Glenn Ammons, Ratislav Bodik, James R. Larus

Notes by James Rose

1. Introduction

The purpose of this paper is to illustrate a system that allows specifications to be derived semi-automatically from C programs.  The specifications so derived describe temporal and data-dependence properties of an API or and ADT.  In more detail, the specification consists of a NFA, where the edges represent calling a particular function, with particular variables passed as parameters, and a particular variable to store the return value.  For example, we may represent by the letter A a call to open(...) which stores the returned file descriptor in X1.   Similarly, let B be a call to read (_,_,X1), let C be a call to write (_,_,X1), and let D be close(X1).  Now, we say that Start follows edge A to a node, which has edges B and C back to itself, and edge D leading to End.  Then we have a simple specification for the POSIX open/read/write/close functions, which essentially says that files must be opened before reading or writing, and they must eventually be closed.

2.  How it works

It takes several steps to derive the specification, some requiring considerable expert input.  First, every function call that is to be monitored must be wrapped so that its name, arguments (and suitable expansions of struct arguments), and return value are printed out to a trace file whenever it is called.  Then, the program is run with some testcases and the traces are collected.  The traces are then run through the "flow dependence annotator".  Basically, this tool notices when a particular value that is "defined" by one function is later "used" by another function, then calls the pair of invocations flow-dependent (i.e., adds this pair of "interactions" to the flow-dependence relation).  I enquote "defined" and "used" because they have special meaning here:  an expert must categorize all arguments / return values (collectively refered to as "attributes") as definers, users, or both, for each function that they appear in.  Definers change the state of their attribute in some way; users depend on that state.  

Once the flow dependence relation has been defined, each interaction attribute is given a unique type.   Types are then unified based on flow dependence:  that is, if two interaction attributes are flow-dependent, they must share the same type.

Next, the scenario extractor finds maximal sets of interactions (up to a certain bounded size) whose attributes are related by flow dependencies.  The scenario is then simplified by eliminating all attributes which are not involved in flow dependence.  Standardization converts concrete values (e.g. fd = 7) into abstract values (e.g. x0) so that the scenarios are not dependent on the particular file descriptors or pointers returned by API calls.  Each interaction is then given a one-letter representation.  These letters form "scenario strings" that are sent to the next step.
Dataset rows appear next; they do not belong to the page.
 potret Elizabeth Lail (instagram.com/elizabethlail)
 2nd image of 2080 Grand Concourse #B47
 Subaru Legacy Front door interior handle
The PFSA learner uses an off-the-shelf method (sk-strings, from Raman and Patrick) to infer a PFSA that matches the language defined by the set of scenario strings.   It is then "cored" by removing edges with low probability, and discarding edge weights.

3. Results

To test this tool, they use it to generate a specification for the X11 selection mechanism as described by the ICCCM.  Out of 16 programs tested, two had bugs found by this tool.  I think more programs should have been tested, since there are many out there, and it is not clear from this small sample whether the kinds of bugs it checks for are actually a problem in practice, nor is it clear whether the model converges quickly.  They cite verification tools as beyond the scope of the paper, yet they must have used something to get these results; it's not clear how advanced these tools are.  Most likely, they rely on dynamic analysis rather than static analysis, which is unfortunate, since they say themselves early on that actual program traces are less likely to contain bugs than the program itself.  What is an advantage for the trainer is a disadvantage for the checker.
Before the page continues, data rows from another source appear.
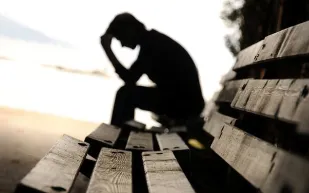 خمس عادات صامتة تقودك إلى الاكتئاب.. دراسة تكشف العلاقة المخفية بين نمط الحياة والصحة النفسية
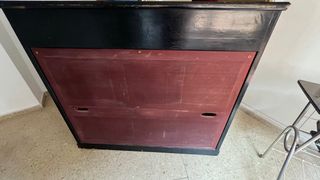 Piano antiguo de madera negra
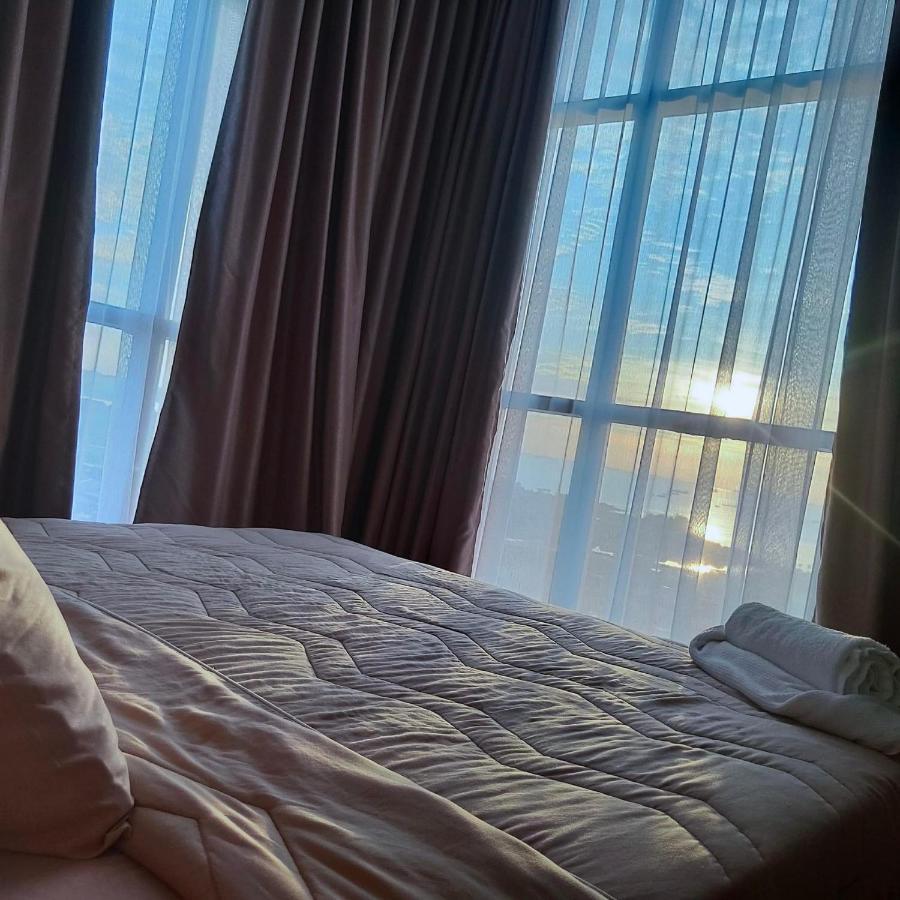 Sleptopia At Formosa Residence New Best Cozy Place In Town 纳柯亚 外观 照片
At this point, the value of the tool is greatly diminished by the necessity of extensive instrumenting that is required:  it seems likely that the time spent on instrumentation would be much greater than the time spent developing the model manually.  However, the instrumentation provides a basis for automatic verification, and further work should reduce this burden.  

Another drawback to their approach is that the sets of values used by each type must be disjoint, or else inappropriate flow-dependencies will be generated and types will be unified incorrectly.  This is because it looks only at the strings printed out by the tracer to determine if a value is passed from one place to another: if "7" is returned in one place and used in another, it assumes that it is not merely coincidence.  If heap objects are never freed, then there should be a 1-1 association between types and pointer values; however, if memory is reused, then the method could fail.  It could also fail if handles in two different spaces are printed out the same way, e.g. file descriptors and window references.  I say this is mostly minor because with a bit more annotation work, the tracer could identify the types and use different representations, e.g. "fd7" or "window80".  (On the other hand, that could disguise errors, as well... passing a file descriptor to "free" should violate the specification.)  Basically, the type system used by this paper is a crude hack to get around lack of language support for true ADTs.  Other than that, I find the approach interesting intellectually, though its practicality is thus far unproven.